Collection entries
* * * * * * * * *
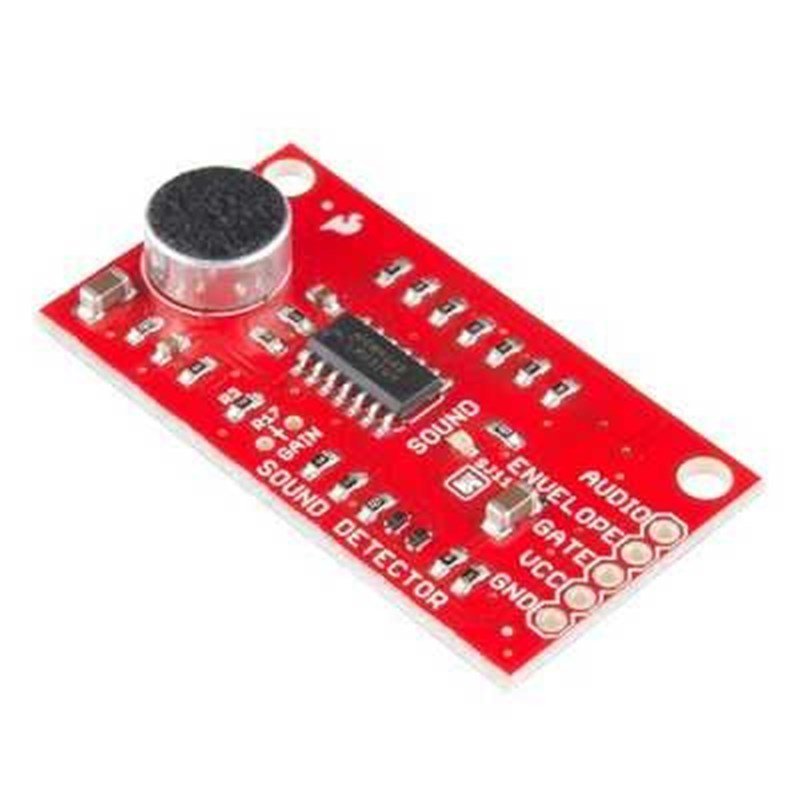 Detector de sonido Sparkfun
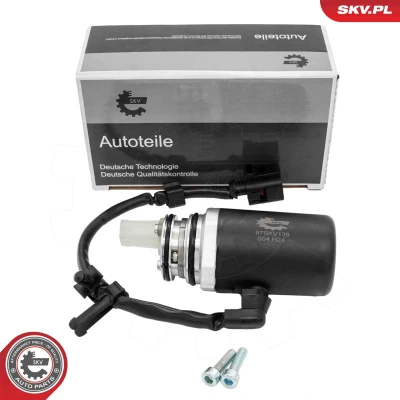 Image de ESEN SKV 97SKV138 Pompe, accouplement à lamelles 4 roues motrices AUDI: A3 3/5 portes, Sportback, TT Coupé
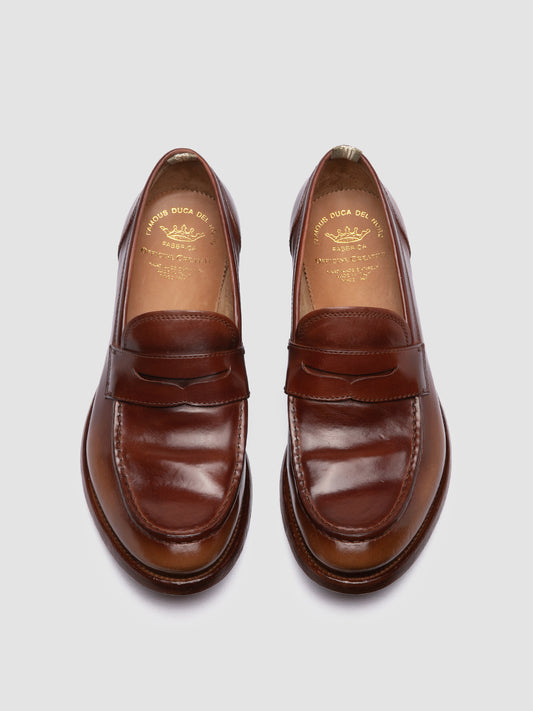 ANATOMIA/71 PATINA CANYON CUOIO/M13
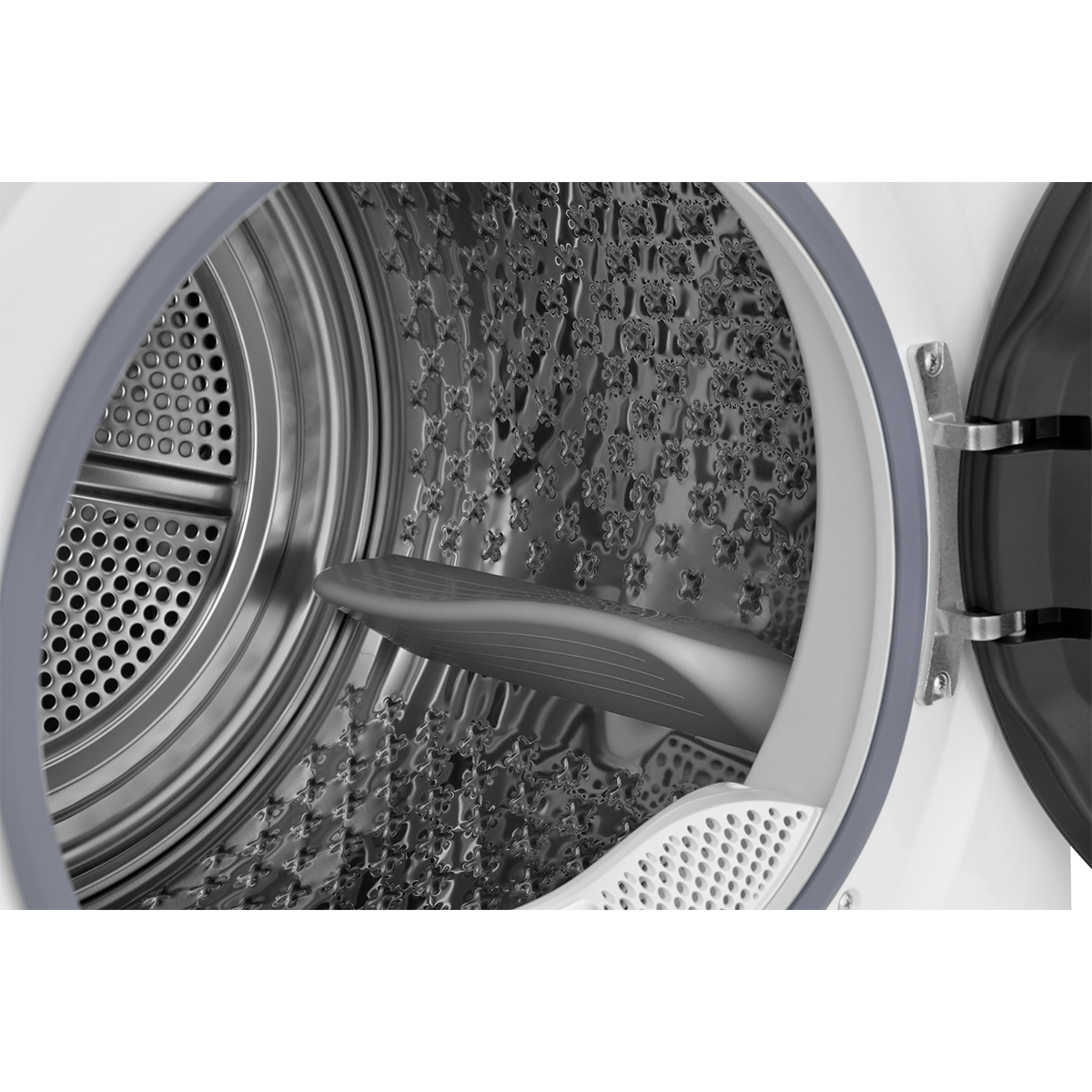 Сушильная машина ZUGEL ZDF100HP Heat Pump, белая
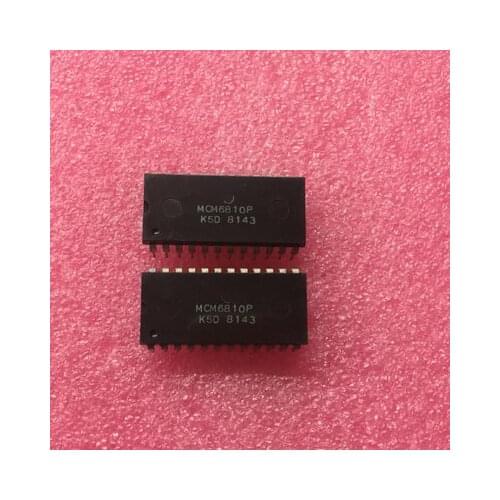 1PCS MCM6810P MCM6810 MCM6810P 6810 DIP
* * * * * * * * *
_THE TASK_.
Without including any pictures, print each record exactly.

_RESULT BELOW_.
 Detector de sonido Sparkfun
 Image de ESEN SKV 97SKV138 Pompe, accouplement à lamelles 4 roues motrices AUDI: A3 3/5 portes, Sportback, TT Coupé
 ANATOMIA/71 PATINA CANYON CUOIO/M13
 Сушильная машина ZUGEL ZDF100HP Heat Pump, белая
 1PCS MCM6810P MCM6810 MCM6810P 6810 DIP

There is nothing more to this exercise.